BRIEF:
Without the pictures, write the listing below out again, line for line.

SOURCE DATA:

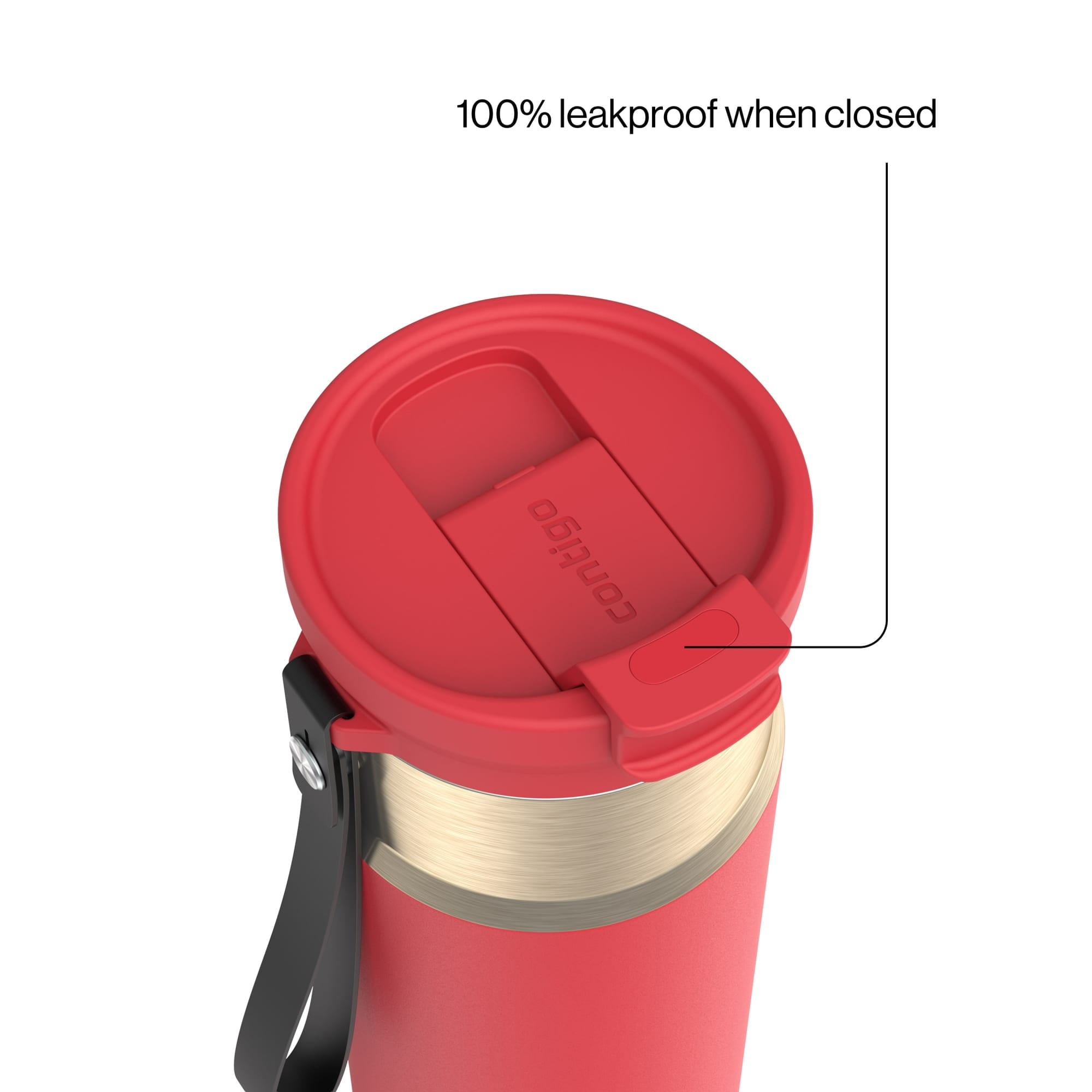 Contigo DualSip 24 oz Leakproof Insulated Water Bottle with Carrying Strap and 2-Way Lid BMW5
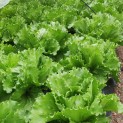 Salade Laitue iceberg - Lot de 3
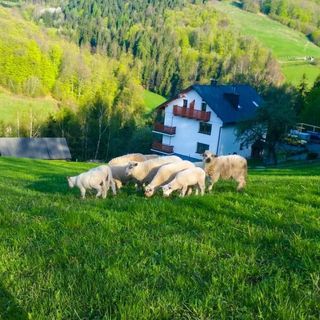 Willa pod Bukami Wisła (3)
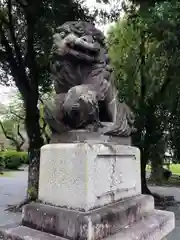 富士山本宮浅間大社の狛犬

REPLY:
 Contigo DualSip 24 oz Leakproof Insulated Water Bottle with Carrying Strap and 2-Way Lid BMW5
 Salade Laitue iceberg - Lot de 3
 Willa pod Bukami Wisła (3)
 富士山本宮浅間大社の狛犬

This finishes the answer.